Requirement – Each entry is to be reproduced verbatim, and images are to be omitted.

⁂

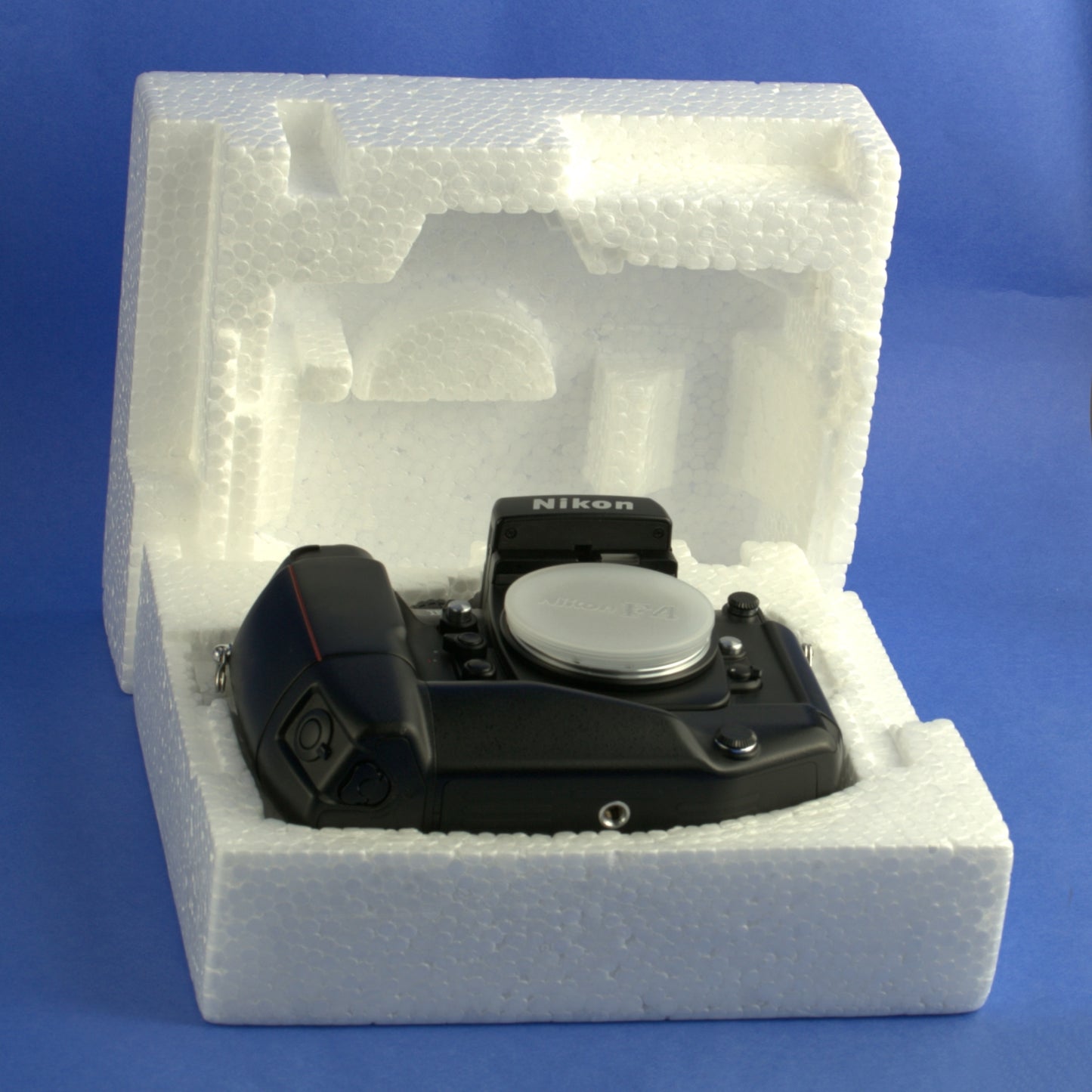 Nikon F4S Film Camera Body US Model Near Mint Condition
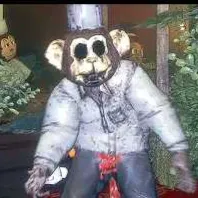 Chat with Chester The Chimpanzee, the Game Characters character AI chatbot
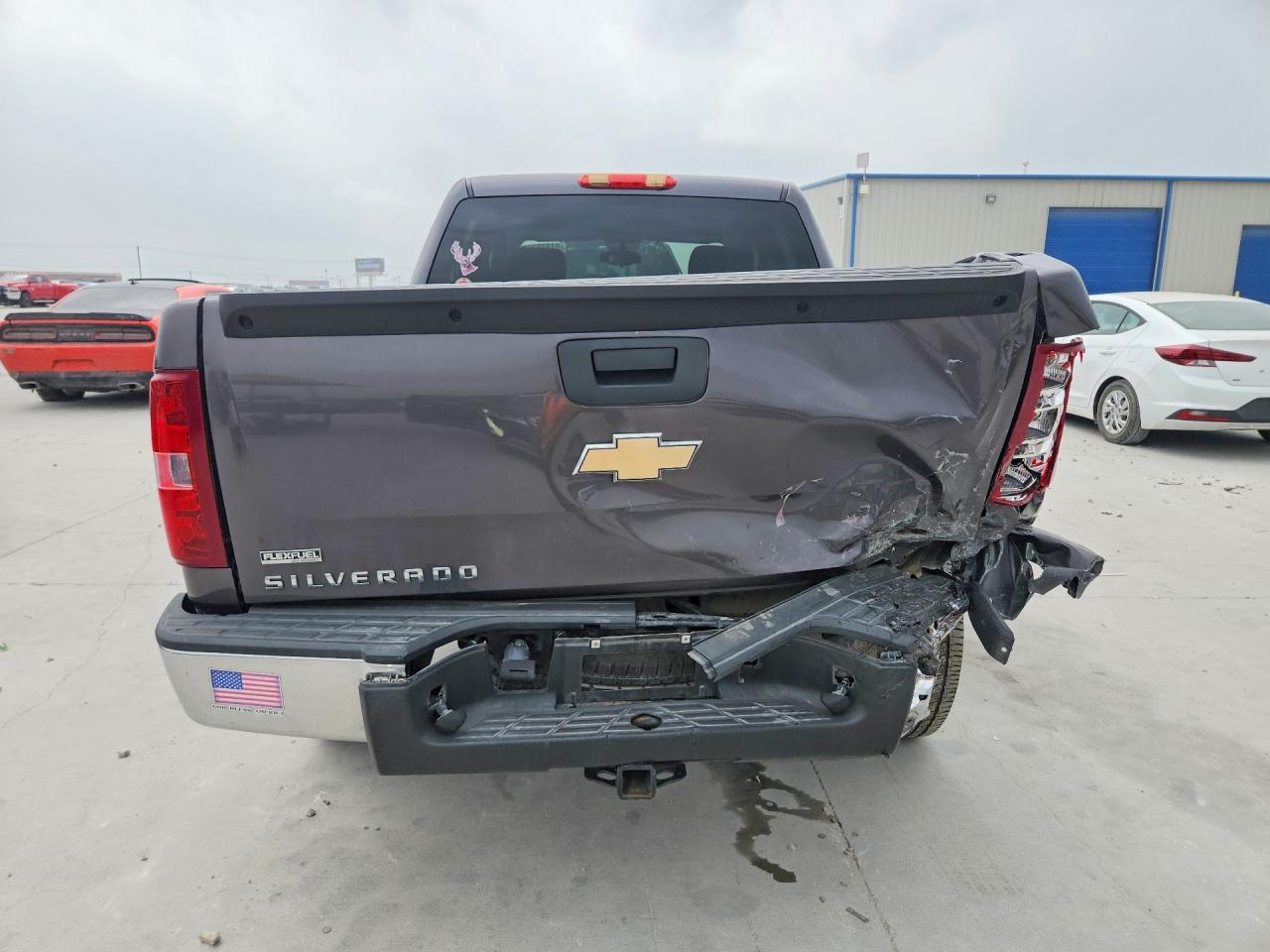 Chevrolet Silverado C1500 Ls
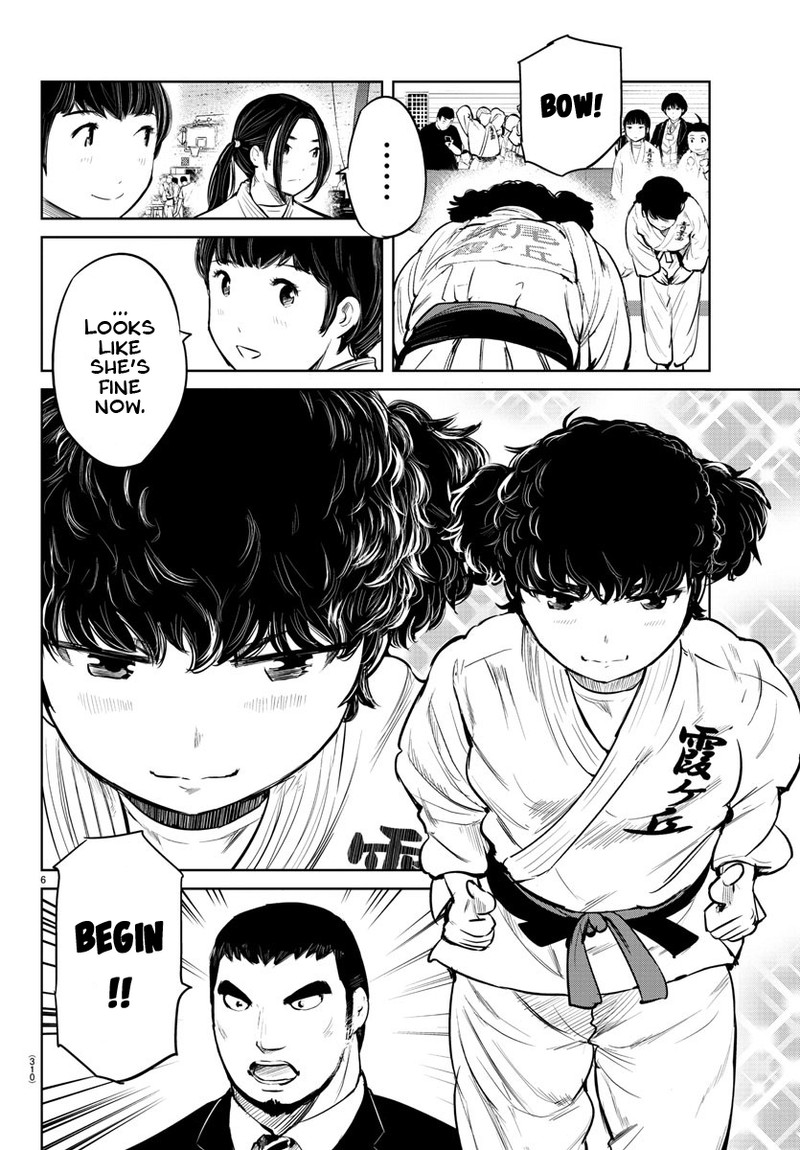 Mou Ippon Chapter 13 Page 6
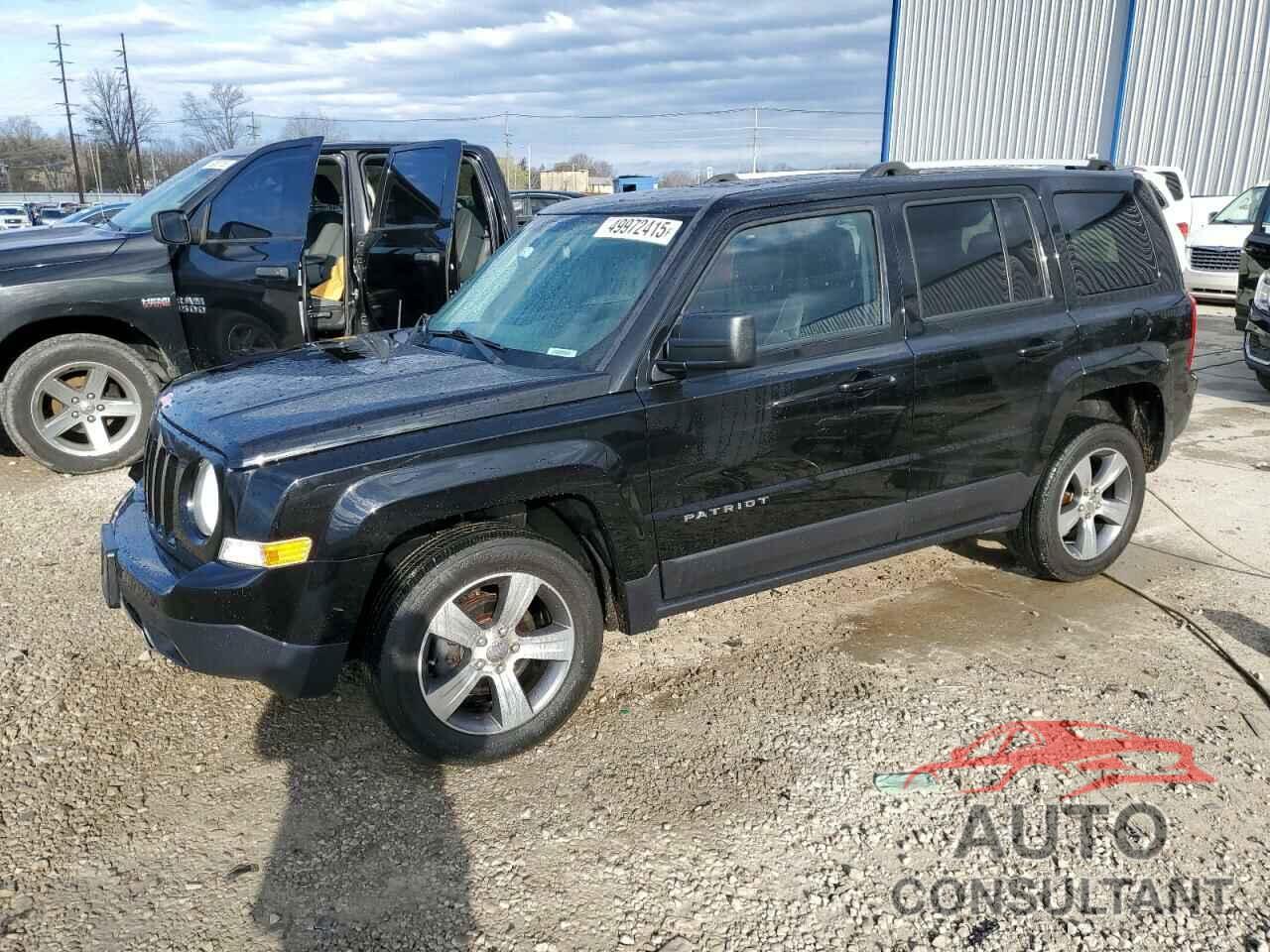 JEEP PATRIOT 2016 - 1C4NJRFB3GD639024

⁂

Response –
 Nikon F4S Film Camera Body US Model Near Mint Condition
 Chat with Chester The Chimpanzee, the Game Characters character AI chatbot
 Chevrolet Silverado C1500 Ls
 Mou Ippon Chapter 13 Page 6
 JEEP PATRIOT 2016 - 1C4NJRFB3GD639024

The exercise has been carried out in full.